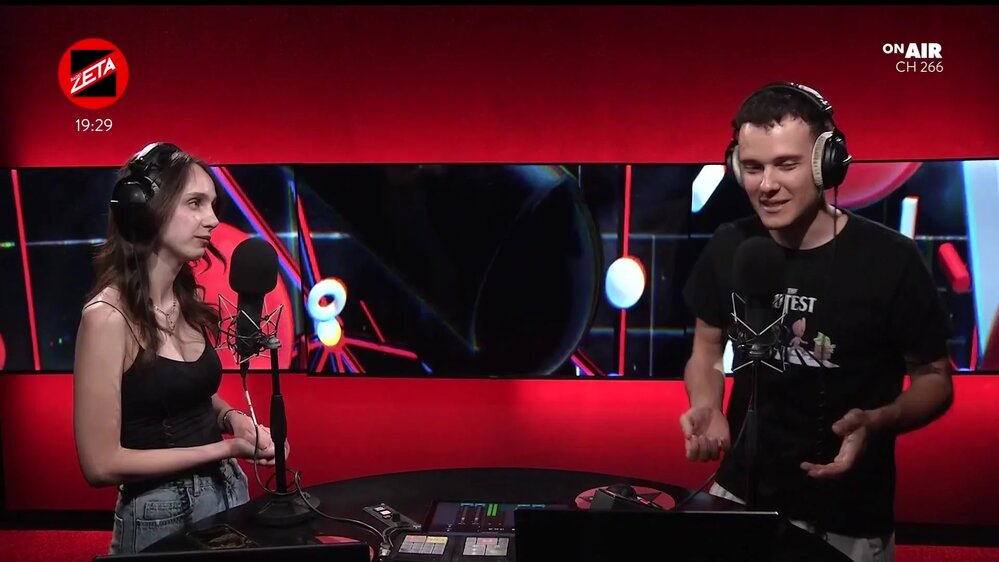 Puntata del 29/05/2025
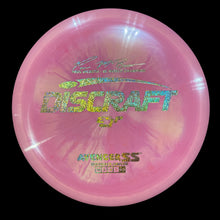 Load image into Gallery viewer, Paul McBeth 5X ESP Avenger SS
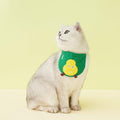 ZEZE Cute Fruit Bandana - Pets Villa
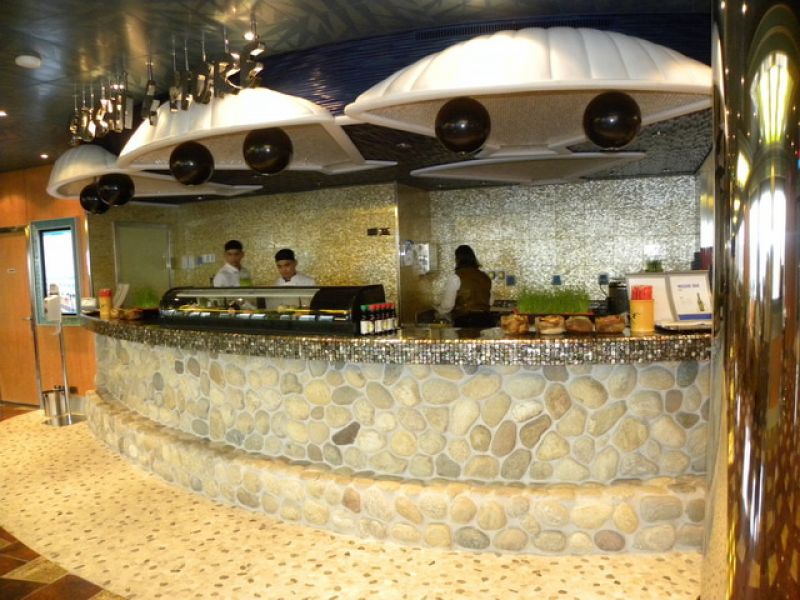 Sushi Bar
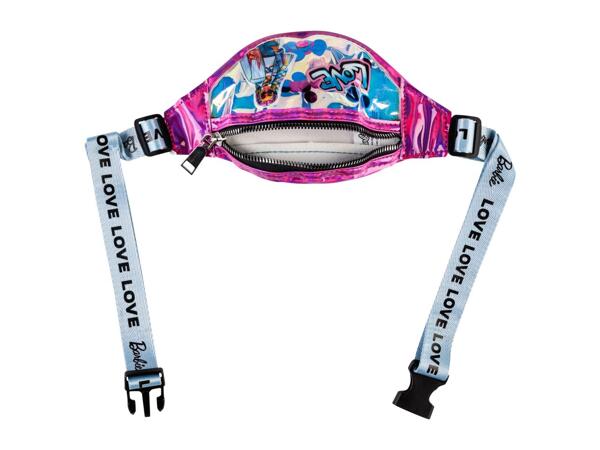 Barbie Bum Bag Design Set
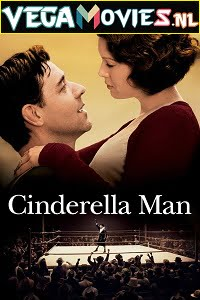  Cinderella Man (2005) Full Movie {English} 480p [525MB] | 720p [1.2GB]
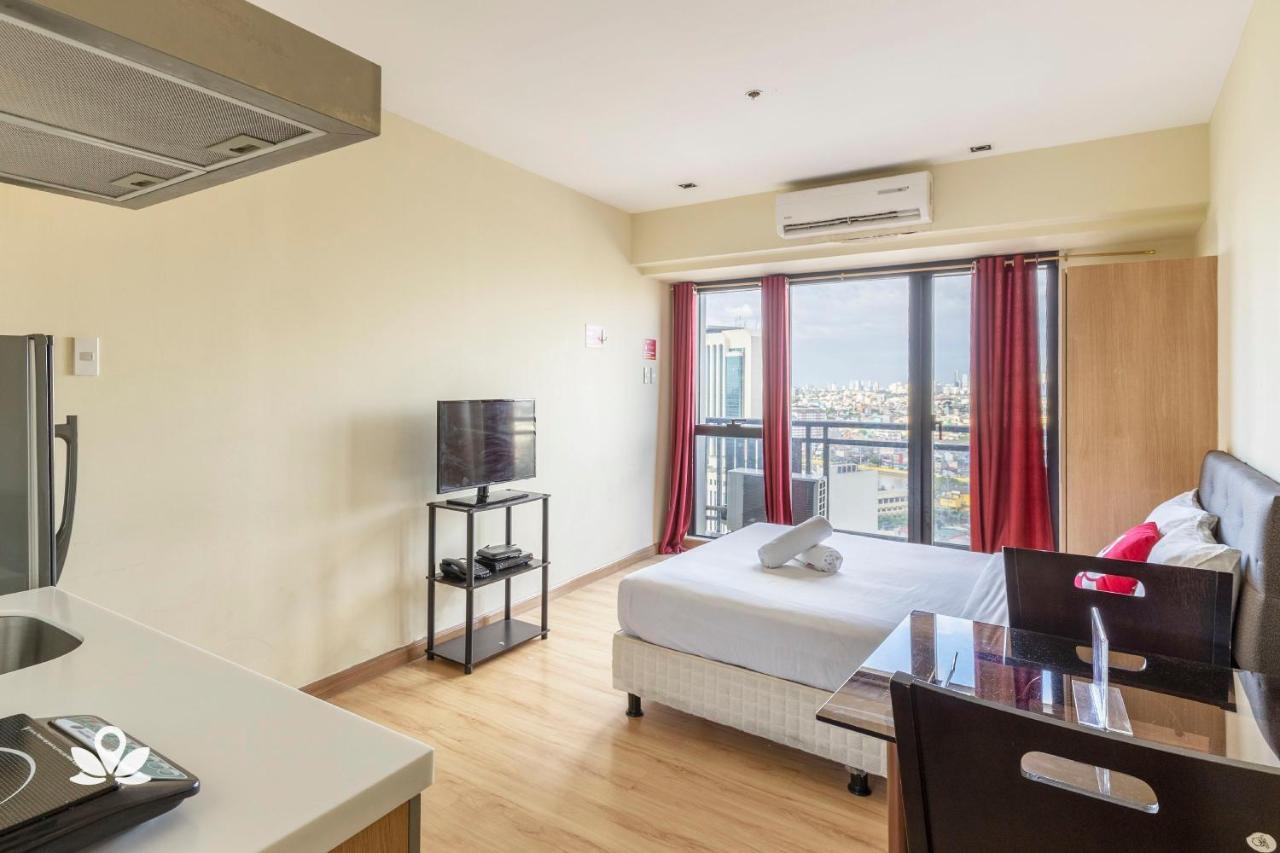 Zen Home Knightsbridge Residences Makati Makati City Екстер'єр фото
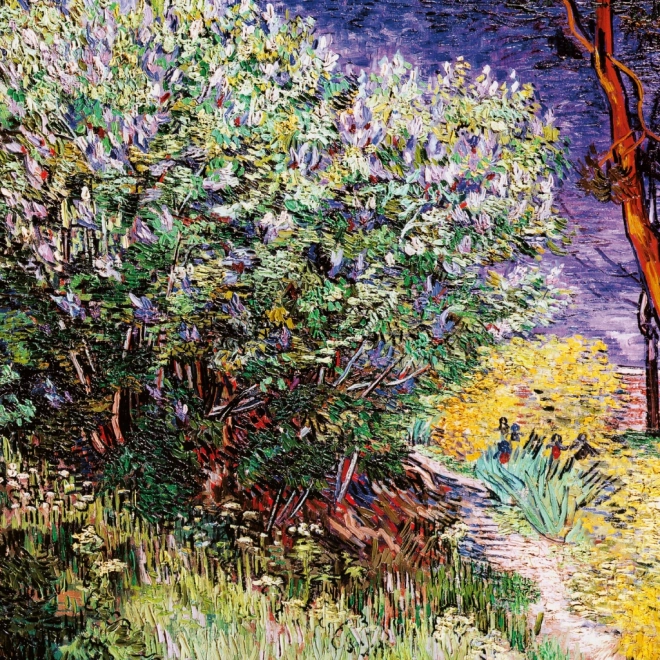 Bilješkama kalendar Vincent van Gogh 2026
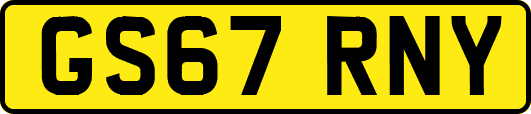 GS67RNY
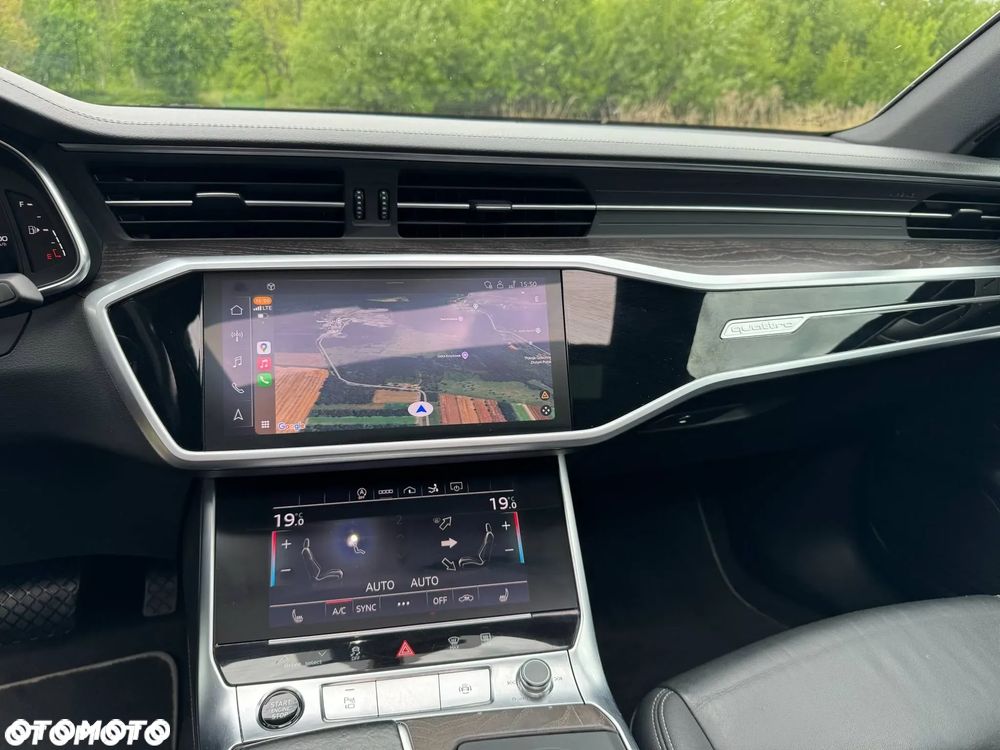 Audi A7 Sportback 55 TFSI mHEV Quattro S tronic - 18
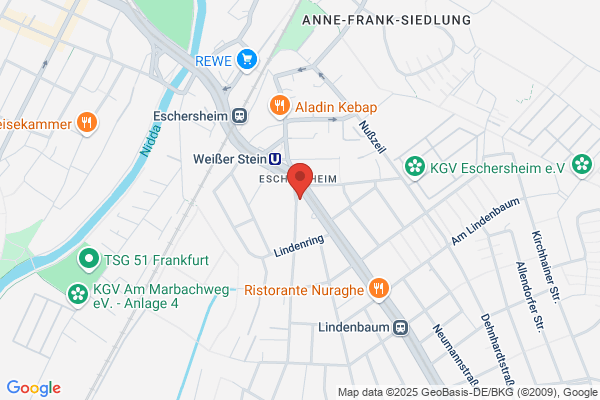 Allianz Versicherung Andre Rozinat Hauptvertretung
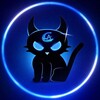Telegram channel Minivil ton logo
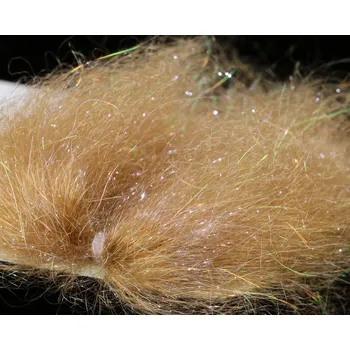 Sybai Ghost Flash Hair Tan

============================================================

**WHAT YOU HAVE TO DO**. Pictures stay out of this copy. Retype exactly the lines from the one with "Telegram channel Minivil ton logo" through the last line of the data, both ends included, and nothing more.

**RESULT FOR THIS EXERCISE**.
Telegram channel Minivil ton logo
 Sybai Ghost Flash Hair Tan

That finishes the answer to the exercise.